After impressing audiences at the Berlin Film Festival earlier this year, New Zealand film One Thousand Ropes arrives in cinemas for local audiences, and is most certainly one of our stories well worthy of the telling.
Strong, powerful performances anchor Tusi Tamasese's second feature, his vision once again brought to life by gifted cinematographer Leon Narby.
Tamasese has the instinct to let Narby's dreamlike pictures breathe, to find their own life, allowing his characters and their story to do the same.
Like Tamasese's first award-winning film The Orator, One Thousand Ropes is once again rooted in his Samoan culture and told mostly in his mother tongue.
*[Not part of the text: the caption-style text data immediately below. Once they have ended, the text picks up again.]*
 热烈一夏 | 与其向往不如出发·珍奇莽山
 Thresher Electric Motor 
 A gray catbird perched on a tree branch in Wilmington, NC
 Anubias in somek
There is one significant difference between the two; the filmmaker sets his latest story not in Samoa but in Wellington.
And it immediately struck me how important stories like these are, stories which show who we are as New Zealanders, the myriad cultures which identify us as one, yet each with their own very distinctive heartbeat and voice.
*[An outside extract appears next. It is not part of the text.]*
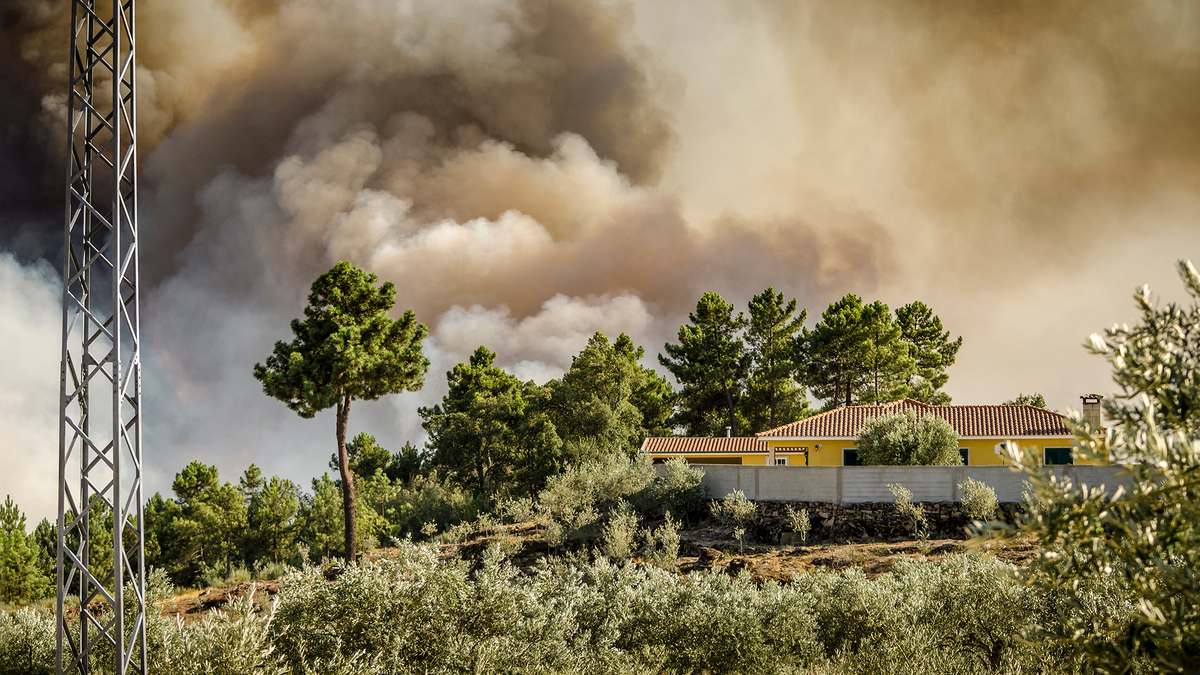Workshops to help prepare us for disaster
At the centre of this new tale is Maea (Uelese Petaia). A traditional healer, he is visited by local pregnant women, caring for them on their journey to motherhood.
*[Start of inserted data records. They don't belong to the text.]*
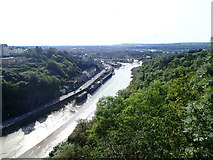 ST5672 : The River Avon from the Clifton Suspension Bridge by Eirian Evans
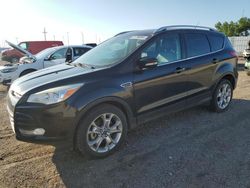 2014 Ford Escape Titanium en venta en Greenwood, NE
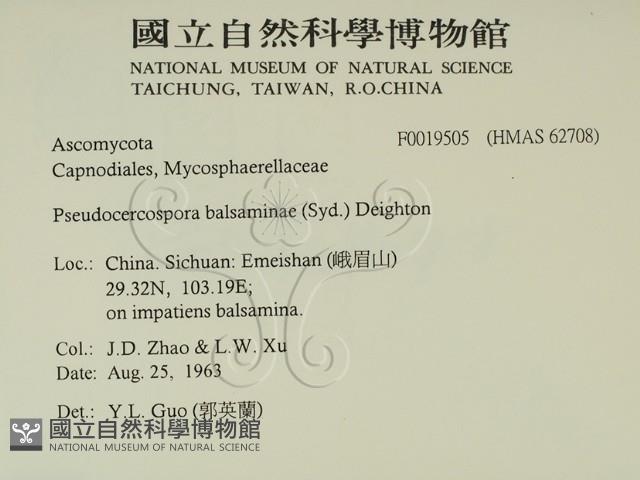 登錄號:F0019505藏品圖，第2張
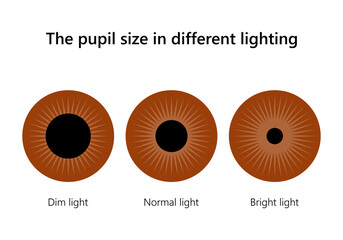 Human eye. The pupil size in different lighting.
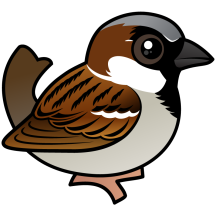 House Sparrow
The fractious mix of the old and the new, modern healthcare and support versus the traditional methods of midwifery is both insightful and thought-provoking, as Maea tries as best he can to straddles both worlds.
He also works in a local bakery, kneading the fresh dough and trying to keep the peace between his two co-workers - one an aggressive older bully, the other much younger, and growing stronger.
It's clear Maea's past haunts him, and when his estranged daughter Ilisa (Frankie Adams) arrives on his doorstep beaten and pregnant he must confront those demons, and so must she.
There is a palpable evil lurking in Maea's home, and his daughter is convinced that evil must first be faced, before they can banish their own ghosts.
There are many strands to this narrative, all woven together in a gentle and very compelling way.
It's about family, and redemption of course, it's about new life, and death; all coming together to form an intimate, confronting and haunting story which I found profoundly moving, otherworldly yet deeply rooted in the here and now.